Could you filter the records below down to the lines that include the word "iPhone"?

[DATA SHOWN Boundary: Start]

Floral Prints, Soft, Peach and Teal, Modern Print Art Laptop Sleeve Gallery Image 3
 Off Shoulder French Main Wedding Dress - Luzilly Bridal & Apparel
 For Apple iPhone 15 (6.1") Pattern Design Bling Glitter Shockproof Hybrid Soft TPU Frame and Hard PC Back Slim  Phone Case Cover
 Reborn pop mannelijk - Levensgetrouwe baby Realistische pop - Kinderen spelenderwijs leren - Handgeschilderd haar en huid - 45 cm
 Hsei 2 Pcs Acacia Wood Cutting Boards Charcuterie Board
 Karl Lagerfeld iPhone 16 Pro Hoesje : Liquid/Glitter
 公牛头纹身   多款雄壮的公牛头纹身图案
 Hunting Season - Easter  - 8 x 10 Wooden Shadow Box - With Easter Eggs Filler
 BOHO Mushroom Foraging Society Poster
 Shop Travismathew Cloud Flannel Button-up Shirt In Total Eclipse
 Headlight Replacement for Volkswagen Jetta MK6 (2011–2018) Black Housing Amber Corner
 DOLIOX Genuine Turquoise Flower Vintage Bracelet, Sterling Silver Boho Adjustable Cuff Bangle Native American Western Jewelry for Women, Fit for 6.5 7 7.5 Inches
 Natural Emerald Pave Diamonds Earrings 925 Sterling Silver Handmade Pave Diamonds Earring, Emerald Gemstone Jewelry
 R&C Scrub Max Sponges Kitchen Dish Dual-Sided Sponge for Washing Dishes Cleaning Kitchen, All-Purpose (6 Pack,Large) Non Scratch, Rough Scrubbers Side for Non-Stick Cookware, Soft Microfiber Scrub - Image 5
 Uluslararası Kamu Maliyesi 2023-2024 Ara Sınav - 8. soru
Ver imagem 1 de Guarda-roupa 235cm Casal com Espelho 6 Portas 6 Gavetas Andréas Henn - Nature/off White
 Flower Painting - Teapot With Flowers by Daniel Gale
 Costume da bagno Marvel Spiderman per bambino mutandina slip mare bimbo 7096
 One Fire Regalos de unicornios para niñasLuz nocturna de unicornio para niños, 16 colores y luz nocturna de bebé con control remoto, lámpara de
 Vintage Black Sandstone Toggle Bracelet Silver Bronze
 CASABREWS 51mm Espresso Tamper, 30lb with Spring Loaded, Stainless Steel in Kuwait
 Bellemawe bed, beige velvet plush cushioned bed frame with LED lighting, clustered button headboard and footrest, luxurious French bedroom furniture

[DATA SHOWN Boundary: End]

■ **WRITTEN REPLY**
 For Apple iPhone 15 (6.1") Pattern Design Bling Glitter Shockproof Hybrid Soft TPU Frame and Hard PC Back Slim  Phone Case Cover
 Karl Lagerfeld iPhone 16 Pro Hoesje : Liquid/Glitter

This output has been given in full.